So, any European type option we can characterize with a payoff function $P(S)$ where $S$ is a price of an underlying at the maturity.
Let us consider some model $M$ such that within this model $V(S,\tau,P)$ is a price of an option with a payoff $P$ at time to maturity $\tau$ and an asset's price $S$ at time $\tau$. Using only non-arbitrage principles we obtain $$ V(S,\tau,P_1+P_2) = V(S,\tau,P_1)+V(S,\tau,P_2). $$ With this formula we get one symmetry for the equation on the price of the option which holds regardless of the model $M$. Usually all equations are linear in payoff since they are linear themselves which comes from the fact that this equation are obtained using infinitesimal generators of the stochastic processes for the price.
Are there any other non-arbitrage principles which can make some additional restrictions on the equations for the price of the European option? I thought about using some facts on $V(S,\tau,P_1(P_2))$ and options on options.

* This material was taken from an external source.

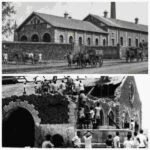 باندرہ کا تاریخی مذبح: ممبئی کی گمشدہ تہذیب، قصاب برادری کی ہجرت اور دیونارسلاٹرہاوس تک کا سفر:ایک تحقیقی و تاریخی جائزہ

Edited: the non-arbitrage argument for the linearity is the following. Suppose for some $S,\tau$ we have $V(S,\tau,P_1+P_2) > V(S,\tau,P_1)+V(S,\tau,P_2)$. Then we can short $V(...,P_1+P_2)$ and long $V(...,P_1)$ and $V(...,P_2)$ - so at the maturity we have nothing to pay, but at the current time the difference $$V(S,\tau,P_1+P_2) - V(S,\tau,P_1)-V(S,\tau,P_2)$$ is our profit.